Supplied information:
++++
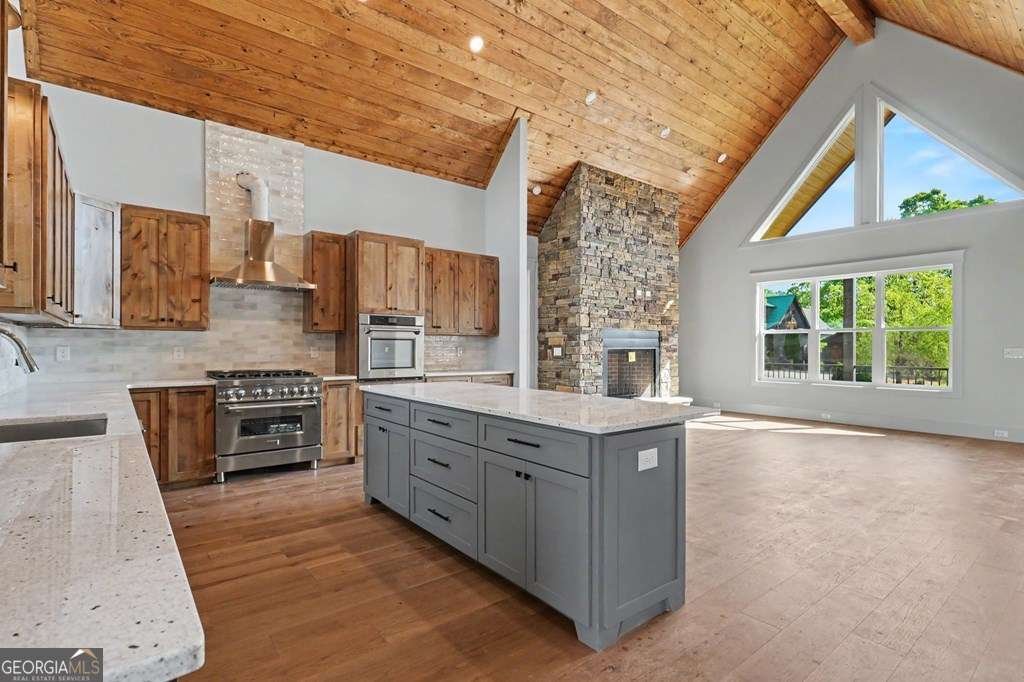 383 Rustic Barn Trail Morganton - Photo 21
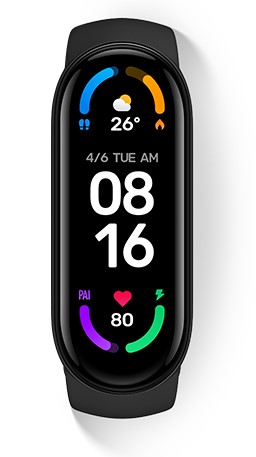 xiaomi xiaomi mi band 6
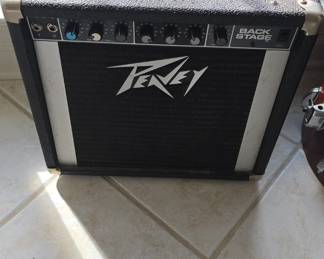 Peavey amp 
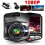 1080P HD Mini LCD Car Dash Camera Video DVR Cam Recorder Night Vision + G-sensor 1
++++
What to produce:
Every line of the data above should be returned exactly, with the pictures removed.

Your response:
 383 Rustic Barn Trail Morganton - Photo 21
 xiaomi xiaomi mi band 6
 Peavey amp 
 1080P HD Mini LCD Car Dash Camera Video DVR Cam Recorder Night Vision + G-sensor 1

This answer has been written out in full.